From top to bottom, write out the listing exactly and skip every picture.

**Data provided**
■ ■ ■ ■ ■ ■ ■

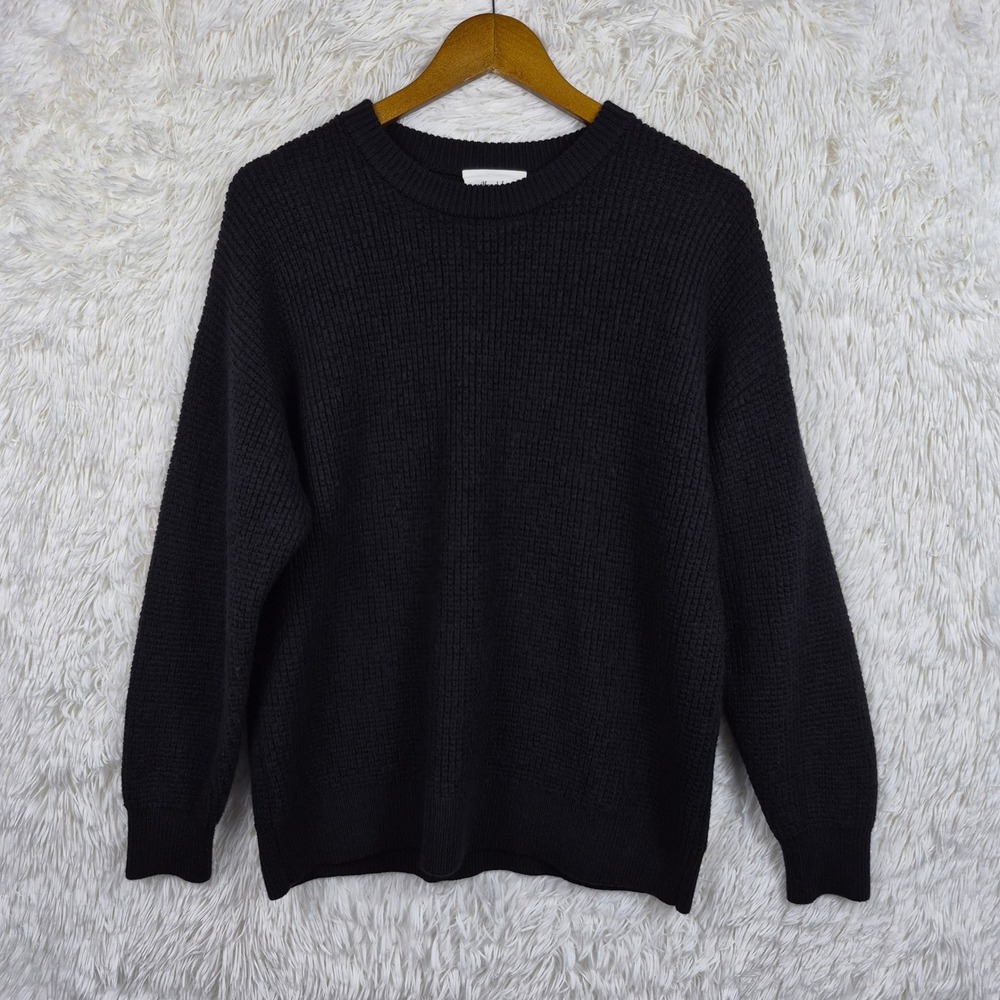 Wilfred Free Aritzia Black 100% Merino Wool Waffle Knit Crewneck Sweater Medium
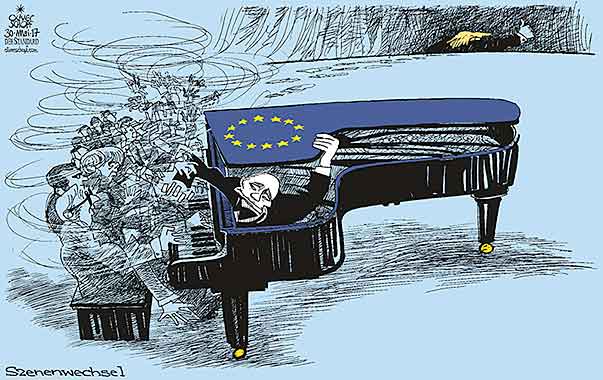  Oliver Schopf, politischer Karikaturist aus Österreich, politische Karikaturen, Illustrationen Archiv politische Karikatur Europa Russland 2017
EU MERKEL JUNCKER MACRON KLAVIER FLÜGEL PUTIN MUSIK SPIELEN KONZERT KLAVIATUR TRUMP 


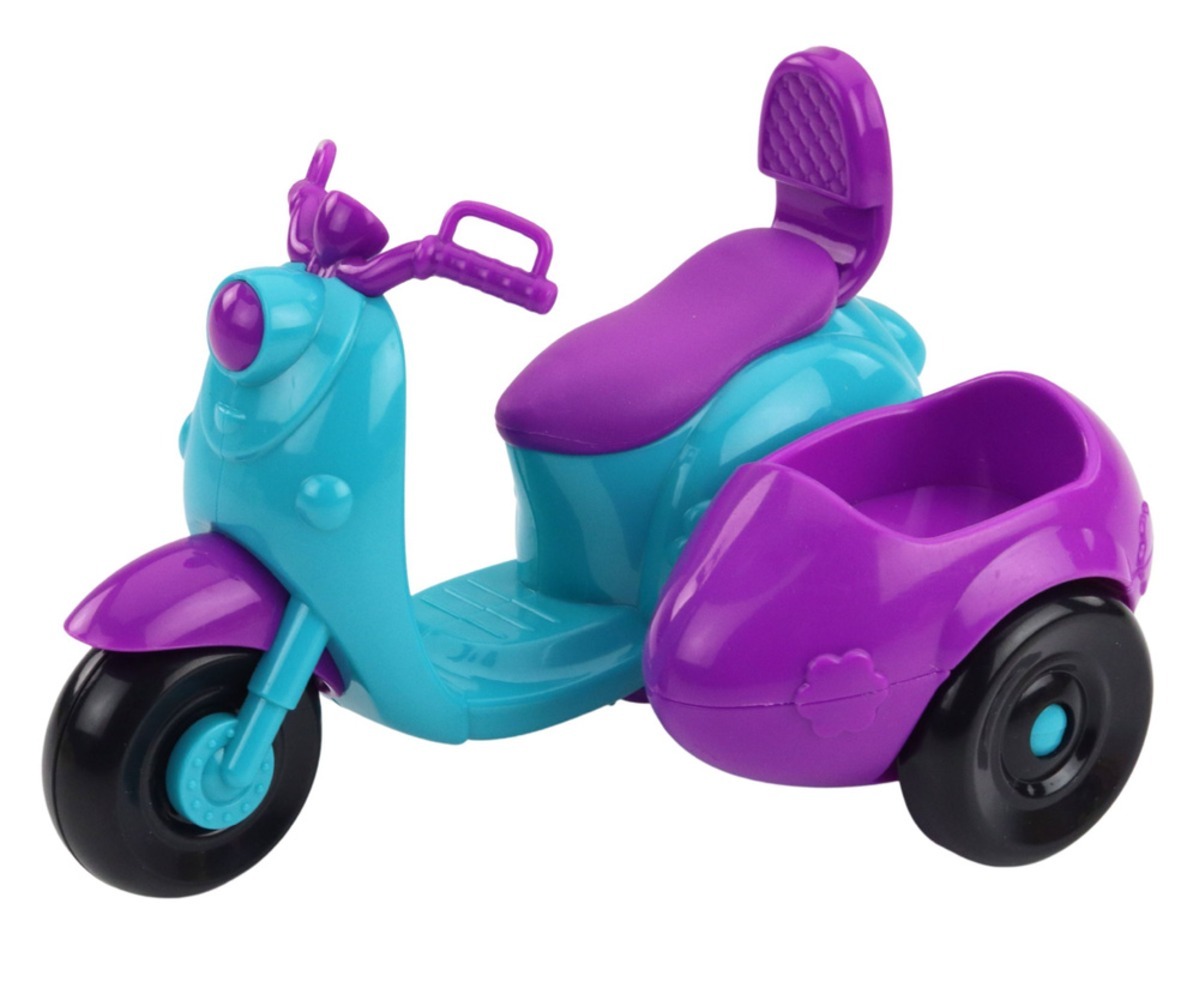 Ankiki nukk 13cm tõukerattal koeraga tõukeratas ilma nukuta, heledad värvid.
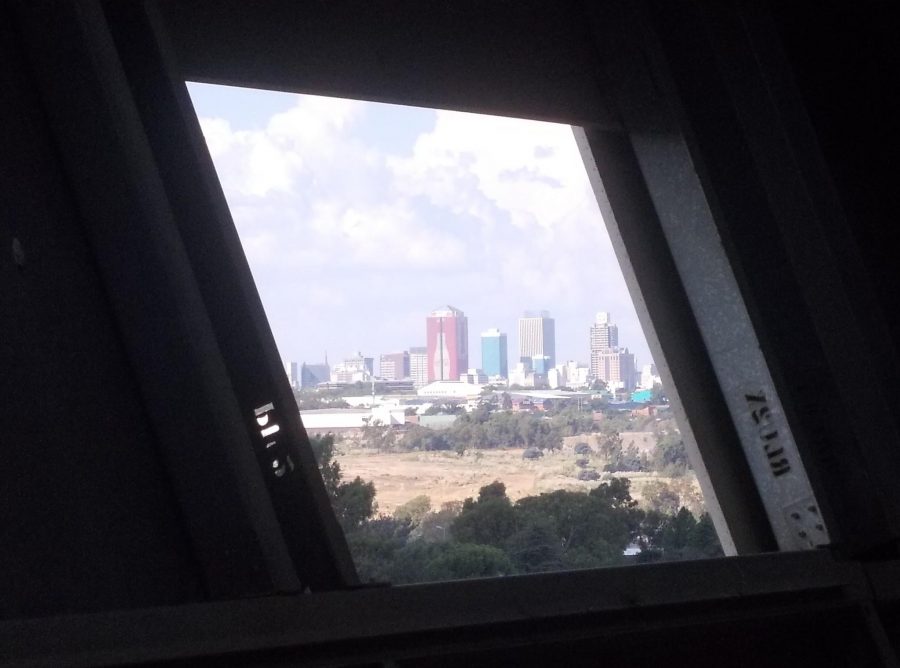 Skyline through panel 2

■ ■ ■ ■ ■ ■ ■

**The answer**
 Wilfred Free Aritzia Black 100% Merino Wool Waffle Knit Crewneck Sweater Medium
  Oliver Schopf, politischer Karikaturist aus Österreich, politische Karikaturen, Illustrationen Archiv politische Karikatur Europa Russland 2017
EU MERKEL JUNCKER MACRON KLAVIER FLÜGEL PUTIN MUSIK SPIELEN KONZERT KLAVIATUR TRUMP 


 Ankiki nukk 13cm tõukerattal koeraga tõukeratas ilma nukuta, heledad värvid.
 Skyline through panel 2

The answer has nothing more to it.